**Captioned web image data:**
========================================
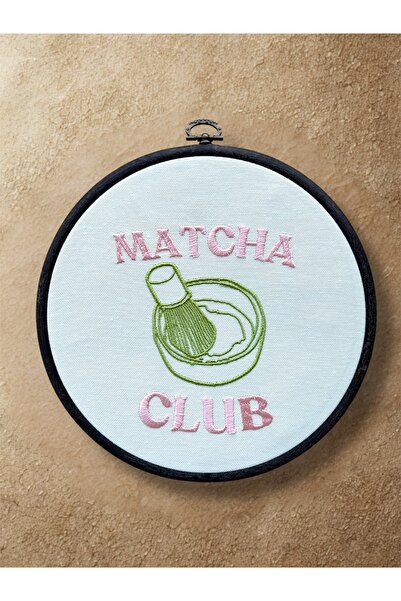 LİONYA DESİGN Tablou decorativ brodat Matcha Club - Ramă cu aspect de lemn (2...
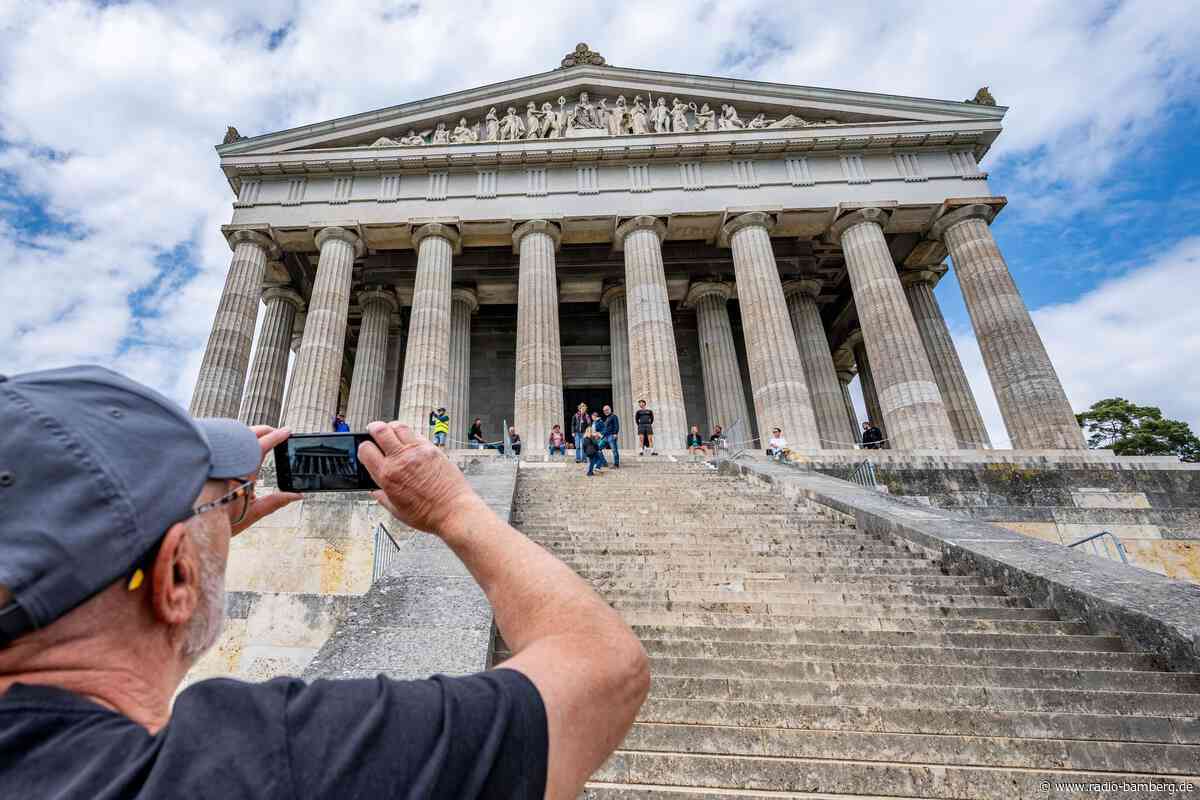 Walhalla zwischen Denkmalschutz, Aussicht und Unfallgefahr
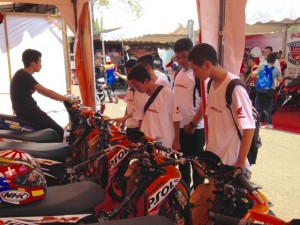Peserta HRC Tour saat keliling Paddock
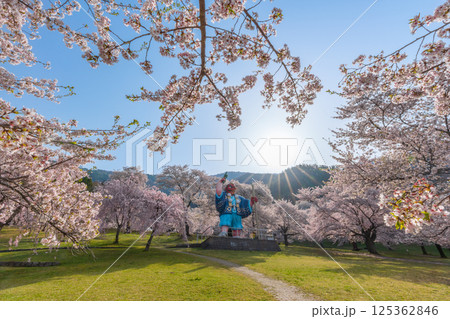 日本一の天狗と桜　戸倉キティパーク　（長野県千曲市） 125362846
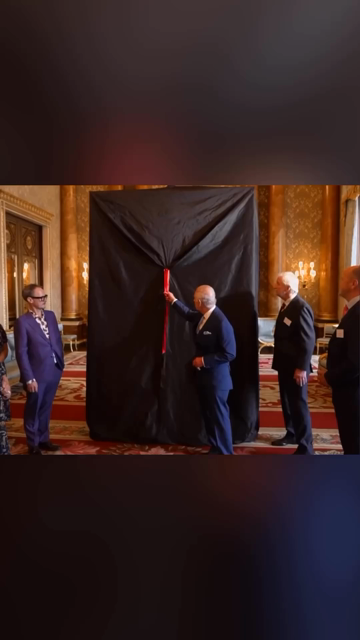 Old rich white guys unveiling a painting with the true King on it, DUKE NUKEM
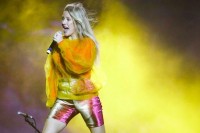 Ovaj album je na vrhu Bilbordove liste u Velikoj Britaniji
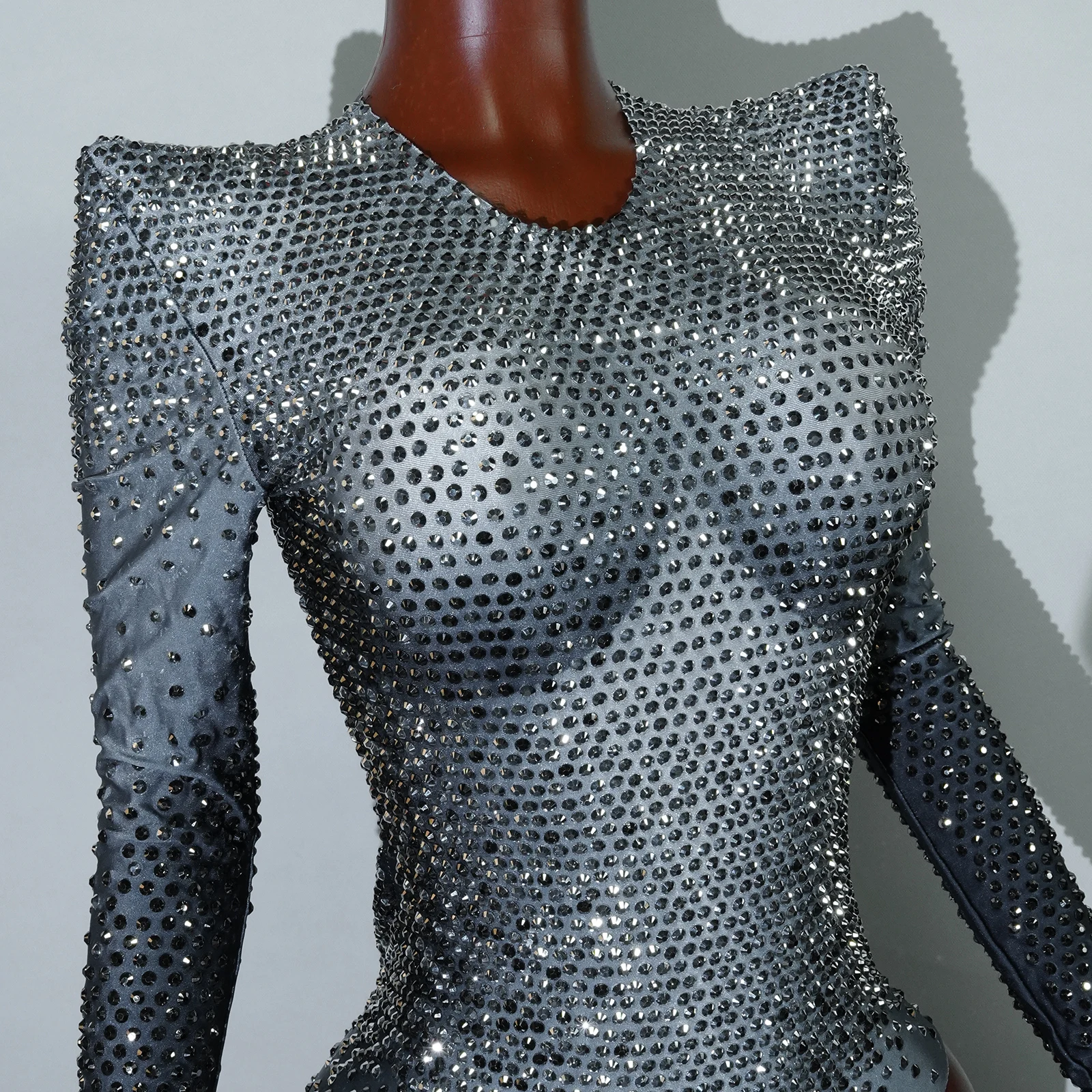 Body brillante con diamantes de imitación plateados, traje de cantante de manga larga, traje de actuación, espectáculo de danza Gogo, fiesta de arrastre, celebración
========================================
For each entry, copy the text exactly and leave out any image it carries.

**EXERCISE OUTPUT:**
 LİONYA DESİGN Tablou decorativ brodat Matcha Club - Ramă cu aspect de lemn (2...
 Walhalla zwischen Denkmalschutz, Aussicht und Unfallgefahr
Peserta HRC Tour saat keliling Paddock
 日本一の天狗と桜　戸倉キティパーク　（長野県千曲市） 125362846
 Old rich white guys unveiling a painting with the true King on it, DUKE NUKEM
 Ovaj album je na vrhu Bilbordove liste u Velikoj Britaniji
 Body brillante con diamantes de imitación plateados, traje de cantante de manga larga, traje de actuación, espectáculo de danza Gogo, fiesta de arrastre, celebración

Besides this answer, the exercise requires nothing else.